Admitido o pedido, não houve que dar cumprimento ao preceituado no artigo 54.º da Lei n.º 28/82, por o Decreto-Lei n.º 380/82 ter sido editado pelo Conselho da Revolução e este órgão já ter sido extinto.

2 - O questionado artigo 111.º do Estatuto do Pessoal Civil dos Serviços Departamentais das Forças Armadas estabelece o seguinte: 1 - As formas de participação do pessoal civil dos serviços departamentais na vida dos organismos em que presta serviço são, quando admitidas, objecto de regulamentação através de despacho do respectivo chefe de estado-maior.

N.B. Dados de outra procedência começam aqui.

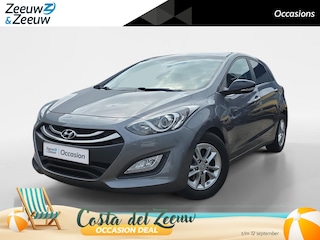 Hyundai i30 1.6 GDI Go! | 1e eigenaar | Volledig onderhouden! | Navigatie | Cruise Control | Achteruitrijcamera | Elektr. ramen | Climate Control | 12 maanden garantie!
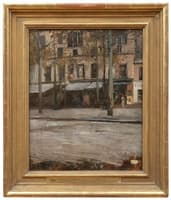 A Street in Paris. Study from Montmartre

2 - Essa participação, quando haja de ter lugar, abrangerá unicamente domínios de natureza sócio-profissional do pessoal do respectivo departamento e será sempre feita: a) Sem ofensa do direito de decisão (administrativa, técnica e funcional), que pertencerá sempre aos chefes hierarquicamente responsáveis e sem exclusão da apresentação e defesa dos interesses individuais, que serão feitas, directamente, pelos próprios, perante os respectivos chefes; b) Com exclusão de assuntos de natureza política ou que ponham em causa a hierarquia das Forças Armadas ou de qualquer órgão de soberania.

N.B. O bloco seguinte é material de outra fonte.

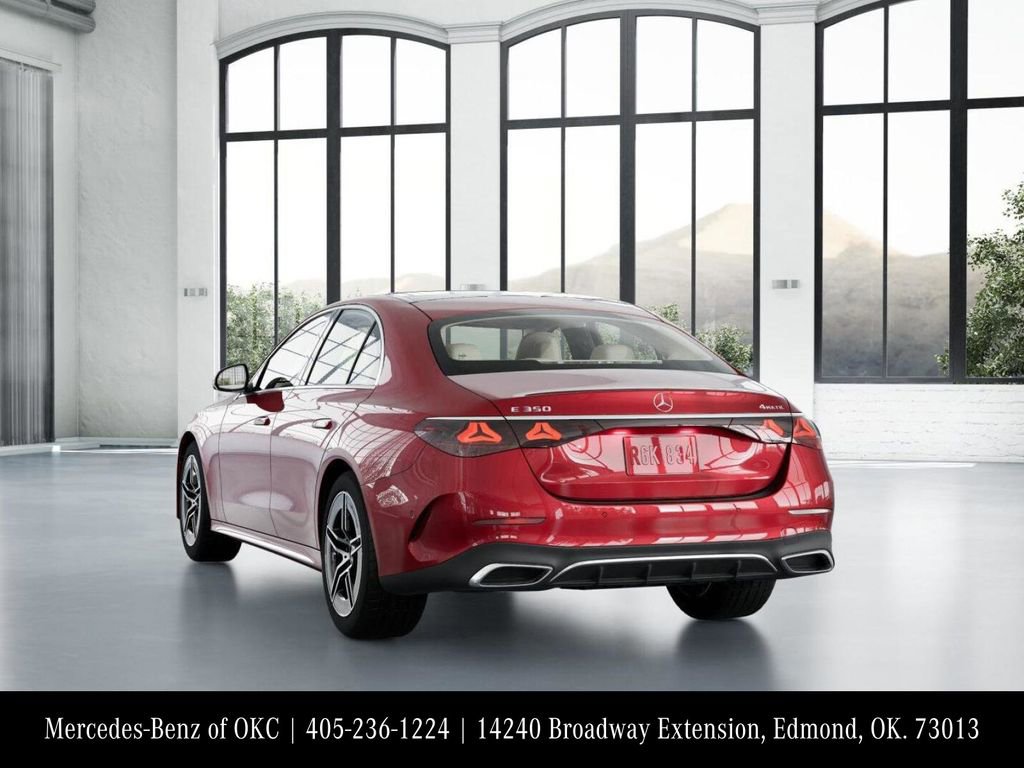 New 2026 Mercedes-Benz E 350 4MATIC Sedan image 27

O artigo 56.º da Constituição, por seu lado, reconhece aos trabalhadores a liberdade sindical, garantindo a todos eles, sem qualquer discriminação, designadamente, a liberdade de constituição de associações sindicais, a liberdade de inscrição, a liberdade de organização e regulamentação interna das associações sindicais, o direito de exercício de actividade sindical na empresa e o direito de tendência [n.os 1 e 2, alíneas a), b), c), d) e e)]. E, para além disso, consagra os princípios da organização e da gestão democráticas das associações sindicais, excluindo expressamente a possibilidade de a eleição dos respectivos órgãos dirigentes ser sujeita a qualquer autorização ou homologação (n.º 3), bem como o princípio da independência das mesmas associações, designadamente perante o Estado (n.º 4).

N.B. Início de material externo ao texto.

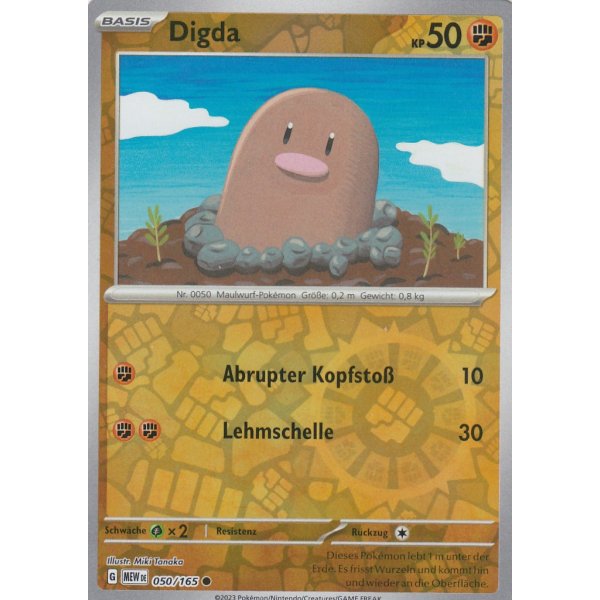 Digda 050/165 REVERSE HOLO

Finalmente, o artigo 57.º da lei fundamental determina que compete às associações sindicais 'defender e promover a defesa dos direitos e interesses dos trabalhadores que representem' (n.º 1), bem como 'exercer o direito de contratação colectiva, o qual é garantido nos termos da lei' (n.º 3), especificando, ainda, no seu n.º 2, que constituem direitos das mesmas associações participar 'na elaboração da legislação do trabalho' [alínea a)], 'na gestão das instituições de segurança social e outras organizações que visem satisfazer os interesses dos trabalhadores' [alínea b)] e 'no controle de execução dos planos económico-sociais' [alínea c)].

Vejamos, então, se as normas constantes do transcrito artigo 111.º do Estatuto se encontram em contradição com as disposições constitucionais acima citadas, conforme sustenta a entidade requerente.

3 - Antes de mais, cumpre determinar qual o objecto do preceito impugnado, isto é, quais as situações a que se dirige e que visa regular.

Ora a resposta a esta questão parece encontrar-se, de forma textual, logo no n.º 1 do citado artigo: o que nele se pretende regular são as formas de participação do pessoal civil na vida dos organismos em que presta serviço.

Excluem-se, pois, do seu âmbito de aplicação quaisquer formas de organização daqueles trabalhadores que não tenham por objecto assegurar a respectiva participação na organização e gestão interna dos serviços departamentais das Forças Armadas.

Nesta conformidade, e não estando as associações sindicais naturalmente vocacionadas para assegurar a intervenção dos trabalhadores na vida das empresas ou organismos onde prestem serviço nem sendo constitucionalmente reconhecida ou cometida aos sindicatos essa função, forçosamente se há-de entender que, pelo menos na sua generalidade, o âmbito de aplicação do artigo 111.º do Estatuto, por um lado, e dos artigos 56.º e 57.º da CRP, por outro, é necessariamente distinto.

E, na verdade, não se vislumbra...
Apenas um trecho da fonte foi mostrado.